Other projects Maddox narrated for the audience included dynamic spaces built for Knoll (this post’s header image), Nike, and the Lindner Center at the University of Cincinnati featuring a 5-story tall trophy case.

One of the more fascinating projects Eva narrates for the audience is the Intrepid Sea, Air & Space Museum in New York City. The Intrepid story, as Maddox notes, is an emotional one due to the warfare and death toll the ship endured during its many years at sea. This made it crucial to Maddox and her team to understand and celebrate the brave men and women that served on the ship during World War II, Vietnam, and even 9/11 when the ship was one of only a few “safe harbors” where American planes could land during the attacks. Maddox and her team’s goal was to provide an emotional impact and string together spaces on the ship to tell a story – not to mention, turn an entire ship into a museum. Maddox divided the vessel into narrative categories, including the open-air hangar deck, to create a space, place, and experience throughout the entire ship.

Maddox wraps up the presentation dispensing industry insights to students in the audience and anticipates “what’s next” in design. Maddox specifically notes our age of “technological convergence,” explaining the impact technology and our rapid rate of change has on businesses and work environments.

Eva Maddox is the recipient of Chicago Magazine‘s 2002 Chicagoan of the Year and the 2000 IIDA Star Award, honoring her outstanding leadership and contribution to design. In 1999, Maddox was elected to the IIDA College of Fellows and in 1992, she was inducted into the Interior Design Hall of Fame.

Images courtesy of:
IIDA Northland Chapter


At the Chicago Humanities Festival lecture series JOURNEYS, sponsored and underwritten by IIDA Industry Member, Herman Miller, the co-founder of the Massive Change Network, Bruce Mau, was invited to lecture on the power of design to bring positive, holistic change on a global scale.

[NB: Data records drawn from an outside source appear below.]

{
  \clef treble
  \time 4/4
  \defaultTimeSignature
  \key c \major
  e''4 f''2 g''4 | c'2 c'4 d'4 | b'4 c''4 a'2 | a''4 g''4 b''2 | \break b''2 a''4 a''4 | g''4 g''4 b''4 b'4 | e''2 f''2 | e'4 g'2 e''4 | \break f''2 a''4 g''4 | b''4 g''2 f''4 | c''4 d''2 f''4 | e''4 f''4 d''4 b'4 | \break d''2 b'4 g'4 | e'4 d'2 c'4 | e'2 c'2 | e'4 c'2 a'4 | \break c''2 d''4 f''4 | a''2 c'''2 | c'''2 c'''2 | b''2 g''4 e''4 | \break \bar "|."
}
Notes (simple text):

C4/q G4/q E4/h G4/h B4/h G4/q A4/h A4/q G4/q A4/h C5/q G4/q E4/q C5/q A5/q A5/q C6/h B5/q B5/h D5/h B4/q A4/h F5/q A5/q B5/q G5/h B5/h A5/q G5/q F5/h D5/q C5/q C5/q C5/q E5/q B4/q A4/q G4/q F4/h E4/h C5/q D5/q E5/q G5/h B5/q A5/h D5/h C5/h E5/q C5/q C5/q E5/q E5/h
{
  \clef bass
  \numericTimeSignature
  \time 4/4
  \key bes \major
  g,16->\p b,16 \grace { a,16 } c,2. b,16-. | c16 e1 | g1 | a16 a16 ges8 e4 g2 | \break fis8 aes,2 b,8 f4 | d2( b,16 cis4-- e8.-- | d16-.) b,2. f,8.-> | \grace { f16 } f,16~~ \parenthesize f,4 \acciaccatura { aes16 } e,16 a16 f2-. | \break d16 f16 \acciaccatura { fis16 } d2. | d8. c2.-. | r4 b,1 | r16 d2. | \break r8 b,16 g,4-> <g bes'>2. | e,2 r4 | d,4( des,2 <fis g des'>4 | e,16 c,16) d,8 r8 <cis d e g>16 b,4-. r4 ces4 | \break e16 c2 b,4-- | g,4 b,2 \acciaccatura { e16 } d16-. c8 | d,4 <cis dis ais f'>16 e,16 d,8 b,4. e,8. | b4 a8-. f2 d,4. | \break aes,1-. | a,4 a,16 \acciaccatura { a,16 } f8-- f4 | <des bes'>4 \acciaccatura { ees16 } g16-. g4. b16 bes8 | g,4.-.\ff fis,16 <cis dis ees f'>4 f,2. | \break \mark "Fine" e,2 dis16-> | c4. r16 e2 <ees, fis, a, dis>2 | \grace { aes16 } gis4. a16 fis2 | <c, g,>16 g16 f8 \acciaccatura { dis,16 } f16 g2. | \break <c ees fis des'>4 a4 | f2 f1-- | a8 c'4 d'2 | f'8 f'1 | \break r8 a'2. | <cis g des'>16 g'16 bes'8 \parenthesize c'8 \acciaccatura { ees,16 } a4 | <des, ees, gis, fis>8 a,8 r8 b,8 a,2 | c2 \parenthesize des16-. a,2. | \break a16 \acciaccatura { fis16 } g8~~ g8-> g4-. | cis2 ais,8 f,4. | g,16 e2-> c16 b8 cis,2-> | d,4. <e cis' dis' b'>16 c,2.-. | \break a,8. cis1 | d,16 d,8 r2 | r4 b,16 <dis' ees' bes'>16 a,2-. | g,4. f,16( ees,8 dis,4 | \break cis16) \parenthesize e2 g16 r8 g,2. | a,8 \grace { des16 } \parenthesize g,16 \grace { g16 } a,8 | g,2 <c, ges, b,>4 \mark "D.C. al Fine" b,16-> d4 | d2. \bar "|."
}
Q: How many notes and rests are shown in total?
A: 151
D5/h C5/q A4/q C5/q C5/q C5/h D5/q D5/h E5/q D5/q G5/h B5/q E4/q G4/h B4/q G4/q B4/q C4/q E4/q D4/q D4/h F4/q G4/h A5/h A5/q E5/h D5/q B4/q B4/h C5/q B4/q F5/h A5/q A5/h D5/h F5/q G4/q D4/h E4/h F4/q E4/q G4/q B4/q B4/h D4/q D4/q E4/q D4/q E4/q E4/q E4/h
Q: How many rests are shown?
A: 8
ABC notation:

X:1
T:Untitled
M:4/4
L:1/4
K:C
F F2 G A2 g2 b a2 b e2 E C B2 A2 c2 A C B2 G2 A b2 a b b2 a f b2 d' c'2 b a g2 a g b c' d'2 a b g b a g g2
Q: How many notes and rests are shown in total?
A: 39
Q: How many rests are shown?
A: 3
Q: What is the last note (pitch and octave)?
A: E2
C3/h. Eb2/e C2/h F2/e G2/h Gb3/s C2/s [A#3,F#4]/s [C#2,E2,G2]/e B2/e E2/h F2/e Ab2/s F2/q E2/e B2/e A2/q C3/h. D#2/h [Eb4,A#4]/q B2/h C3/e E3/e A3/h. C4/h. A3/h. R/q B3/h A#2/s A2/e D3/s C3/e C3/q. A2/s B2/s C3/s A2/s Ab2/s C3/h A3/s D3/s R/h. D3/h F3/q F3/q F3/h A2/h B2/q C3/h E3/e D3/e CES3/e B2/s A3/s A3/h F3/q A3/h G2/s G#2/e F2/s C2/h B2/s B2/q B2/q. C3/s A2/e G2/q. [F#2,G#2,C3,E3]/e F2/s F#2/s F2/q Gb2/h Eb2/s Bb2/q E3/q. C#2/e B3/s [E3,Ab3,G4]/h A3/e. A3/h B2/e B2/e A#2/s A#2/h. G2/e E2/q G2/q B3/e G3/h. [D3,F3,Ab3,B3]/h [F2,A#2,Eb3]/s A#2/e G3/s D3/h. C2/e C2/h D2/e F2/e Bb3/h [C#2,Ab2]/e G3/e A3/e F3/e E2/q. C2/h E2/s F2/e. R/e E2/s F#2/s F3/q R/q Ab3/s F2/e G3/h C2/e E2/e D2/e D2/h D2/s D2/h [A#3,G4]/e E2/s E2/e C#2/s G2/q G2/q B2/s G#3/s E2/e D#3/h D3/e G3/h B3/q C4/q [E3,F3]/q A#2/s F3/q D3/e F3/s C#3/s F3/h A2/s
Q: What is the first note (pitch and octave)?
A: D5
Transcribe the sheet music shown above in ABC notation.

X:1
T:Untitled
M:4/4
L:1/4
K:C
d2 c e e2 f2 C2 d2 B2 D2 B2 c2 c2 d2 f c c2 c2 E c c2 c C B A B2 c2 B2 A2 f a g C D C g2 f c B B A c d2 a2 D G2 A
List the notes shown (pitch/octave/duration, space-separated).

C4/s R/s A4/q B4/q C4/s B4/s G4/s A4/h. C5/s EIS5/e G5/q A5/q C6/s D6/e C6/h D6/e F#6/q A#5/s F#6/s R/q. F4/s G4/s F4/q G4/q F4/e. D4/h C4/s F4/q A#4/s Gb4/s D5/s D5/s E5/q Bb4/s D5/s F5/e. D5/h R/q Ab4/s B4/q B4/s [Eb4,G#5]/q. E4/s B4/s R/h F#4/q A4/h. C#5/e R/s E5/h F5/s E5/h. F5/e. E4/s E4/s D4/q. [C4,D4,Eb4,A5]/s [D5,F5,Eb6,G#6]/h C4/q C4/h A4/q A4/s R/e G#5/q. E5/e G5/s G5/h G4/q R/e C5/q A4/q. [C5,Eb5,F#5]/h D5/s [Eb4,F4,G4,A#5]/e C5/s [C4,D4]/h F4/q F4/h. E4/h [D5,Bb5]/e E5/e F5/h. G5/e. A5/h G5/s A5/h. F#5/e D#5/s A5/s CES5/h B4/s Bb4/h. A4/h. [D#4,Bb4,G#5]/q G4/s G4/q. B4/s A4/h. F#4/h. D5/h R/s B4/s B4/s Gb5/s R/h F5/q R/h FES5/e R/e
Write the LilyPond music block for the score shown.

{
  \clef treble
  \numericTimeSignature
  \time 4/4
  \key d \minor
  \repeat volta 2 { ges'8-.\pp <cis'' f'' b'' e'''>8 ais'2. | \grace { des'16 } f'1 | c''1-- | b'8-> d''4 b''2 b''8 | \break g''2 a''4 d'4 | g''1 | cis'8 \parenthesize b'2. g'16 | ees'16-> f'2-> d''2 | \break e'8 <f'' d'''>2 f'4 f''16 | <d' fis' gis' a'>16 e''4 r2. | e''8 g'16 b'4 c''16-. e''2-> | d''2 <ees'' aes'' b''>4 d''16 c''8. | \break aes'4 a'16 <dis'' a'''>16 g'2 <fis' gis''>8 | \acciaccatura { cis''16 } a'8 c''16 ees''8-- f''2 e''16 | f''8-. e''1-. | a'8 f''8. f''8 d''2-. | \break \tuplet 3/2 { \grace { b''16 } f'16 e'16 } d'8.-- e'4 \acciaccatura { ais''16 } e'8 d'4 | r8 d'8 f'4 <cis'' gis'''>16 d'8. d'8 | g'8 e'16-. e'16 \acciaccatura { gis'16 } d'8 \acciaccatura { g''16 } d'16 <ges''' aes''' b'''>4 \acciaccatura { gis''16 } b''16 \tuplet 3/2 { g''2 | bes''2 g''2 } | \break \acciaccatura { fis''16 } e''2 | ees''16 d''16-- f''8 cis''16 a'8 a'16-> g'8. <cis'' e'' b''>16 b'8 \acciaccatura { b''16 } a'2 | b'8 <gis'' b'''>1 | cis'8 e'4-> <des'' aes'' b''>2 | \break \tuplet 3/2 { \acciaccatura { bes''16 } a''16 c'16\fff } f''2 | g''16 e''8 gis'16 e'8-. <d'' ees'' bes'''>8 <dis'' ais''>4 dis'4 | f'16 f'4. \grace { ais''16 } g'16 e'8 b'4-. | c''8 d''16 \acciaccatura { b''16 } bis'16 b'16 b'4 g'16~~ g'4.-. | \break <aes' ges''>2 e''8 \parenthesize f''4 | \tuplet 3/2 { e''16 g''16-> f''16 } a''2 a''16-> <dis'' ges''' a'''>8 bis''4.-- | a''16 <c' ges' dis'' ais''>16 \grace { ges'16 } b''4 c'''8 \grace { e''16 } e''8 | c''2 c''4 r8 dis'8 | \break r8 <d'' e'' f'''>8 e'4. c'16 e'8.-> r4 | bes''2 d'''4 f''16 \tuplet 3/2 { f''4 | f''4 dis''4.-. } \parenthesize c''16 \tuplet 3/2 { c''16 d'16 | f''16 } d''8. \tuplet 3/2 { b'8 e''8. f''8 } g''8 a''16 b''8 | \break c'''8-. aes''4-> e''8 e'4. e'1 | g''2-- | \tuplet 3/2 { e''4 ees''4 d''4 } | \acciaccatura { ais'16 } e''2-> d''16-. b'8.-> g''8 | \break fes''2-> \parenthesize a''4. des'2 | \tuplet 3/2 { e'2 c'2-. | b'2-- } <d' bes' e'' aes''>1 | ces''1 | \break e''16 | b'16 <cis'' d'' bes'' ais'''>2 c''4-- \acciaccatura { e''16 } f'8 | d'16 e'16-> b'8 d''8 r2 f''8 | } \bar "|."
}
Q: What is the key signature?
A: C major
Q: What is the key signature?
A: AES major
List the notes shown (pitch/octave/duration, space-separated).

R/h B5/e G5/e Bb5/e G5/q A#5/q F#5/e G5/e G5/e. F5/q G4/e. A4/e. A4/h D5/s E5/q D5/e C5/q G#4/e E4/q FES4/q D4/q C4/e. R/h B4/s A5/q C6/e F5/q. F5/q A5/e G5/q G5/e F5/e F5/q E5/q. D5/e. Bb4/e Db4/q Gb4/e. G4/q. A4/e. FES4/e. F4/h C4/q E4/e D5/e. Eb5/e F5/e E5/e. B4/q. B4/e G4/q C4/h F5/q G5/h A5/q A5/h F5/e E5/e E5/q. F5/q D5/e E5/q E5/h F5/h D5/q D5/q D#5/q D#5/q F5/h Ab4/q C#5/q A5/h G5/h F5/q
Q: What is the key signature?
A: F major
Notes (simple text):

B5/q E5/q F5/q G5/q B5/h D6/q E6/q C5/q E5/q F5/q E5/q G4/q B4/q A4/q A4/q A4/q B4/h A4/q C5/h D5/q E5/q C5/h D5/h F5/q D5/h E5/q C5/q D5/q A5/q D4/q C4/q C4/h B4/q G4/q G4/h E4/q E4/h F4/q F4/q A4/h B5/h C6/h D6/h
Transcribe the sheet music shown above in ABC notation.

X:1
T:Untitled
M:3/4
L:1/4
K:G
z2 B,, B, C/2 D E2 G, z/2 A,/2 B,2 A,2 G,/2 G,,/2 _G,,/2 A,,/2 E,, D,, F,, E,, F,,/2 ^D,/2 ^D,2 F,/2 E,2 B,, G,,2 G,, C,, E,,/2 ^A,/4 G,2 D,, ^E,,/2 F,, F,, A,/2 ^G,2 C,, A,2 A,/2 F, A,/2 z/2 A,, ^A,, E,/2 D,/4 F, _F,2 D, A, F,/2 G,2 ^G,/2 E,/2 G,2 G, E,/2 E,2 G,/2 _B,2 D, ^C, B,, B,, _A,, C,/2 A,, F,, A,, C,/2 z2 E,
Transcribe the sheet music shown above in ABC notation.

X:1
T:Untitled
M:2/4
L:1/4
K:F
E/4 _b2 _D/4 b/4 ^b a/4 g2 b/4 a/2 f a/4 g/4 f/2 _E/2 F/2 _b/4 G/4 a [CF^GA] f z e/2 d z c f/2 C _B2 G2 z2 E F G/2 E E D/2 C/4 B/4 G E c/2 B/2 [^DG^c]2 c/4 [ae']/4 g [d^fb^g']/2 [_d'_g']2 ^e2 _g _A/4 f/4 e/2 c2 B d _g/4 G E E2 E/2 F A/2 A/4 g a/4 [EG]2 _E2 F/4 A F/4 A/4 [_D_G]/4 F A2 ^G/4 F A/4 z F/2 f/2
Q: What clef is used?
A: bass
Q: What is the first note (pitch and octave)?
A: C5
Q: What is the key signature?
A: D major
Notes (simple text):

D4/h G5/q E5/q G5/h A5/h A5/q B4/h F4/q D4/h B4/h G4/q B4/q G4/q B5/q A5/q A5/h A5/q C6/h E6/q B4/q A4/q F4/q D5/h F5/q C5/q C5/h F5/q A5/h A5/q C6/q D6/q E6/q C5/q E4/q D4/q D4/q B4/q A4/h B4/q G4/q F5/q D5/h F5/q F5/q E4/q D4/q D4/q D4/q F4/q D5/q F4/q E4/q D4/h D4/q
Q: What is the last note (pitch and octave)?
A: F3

Growing up in “Gutenberg type times,” Mau iterated how it’s now much easier to connect with others than it was 30-35 years ago when connecting and finding people was infinitely more difficult. However, Mau said that today’s challenge is how we pursue people and information, especially with American society built around increasingly small moments – “millisecond moments,” he deemed them – that align with our short-term focused economy. As an alternative, Mau suggested, we need long-term thinking.

The Massive Change designer also delved into our accessible, transparent world where we can always “see behind the image,” making everything visible; therefore making it necessary for everything to be designed. Mau elaborated that enterprises, both small and large, should respect this transparency by focusing their efforts on how people wish to live. The key to this, Mau said, is the designer –  the ones who can tell the story and connect the dots. This ability makes designers very valuable and necessary for them “to be in the board room.”

Mau finished the lecture by focusing on America, a country “built on freedom and dreams.” Mau observed that Americans always have dreams or something they always want to do, and noted that this is not the case in other countries where violence, poverty, and destruction are at the fore-front. Mau urged the audience to embrace their American right to freedom, and to reinsert it in our society by not looking left or right, but instead “look forward or backward.”

Since his Museum of Contemporary Art exhibition Massive Change, Mau has pushed the boundaries of design. Expanding on his early work focused on branding, Mau charted his own path within environment-based design, and how design can make the world a better place. Bruce Mau is the author and designer of several award-winning books, including Massive ChangeLife Style; and S, M, L, XL (in collaboration with Rem Koolhaas), as well as the widely shared Incomplete Manifesto for Growth. He is a Distinguished Fellow of the Segal Design Institute at Northwestern University.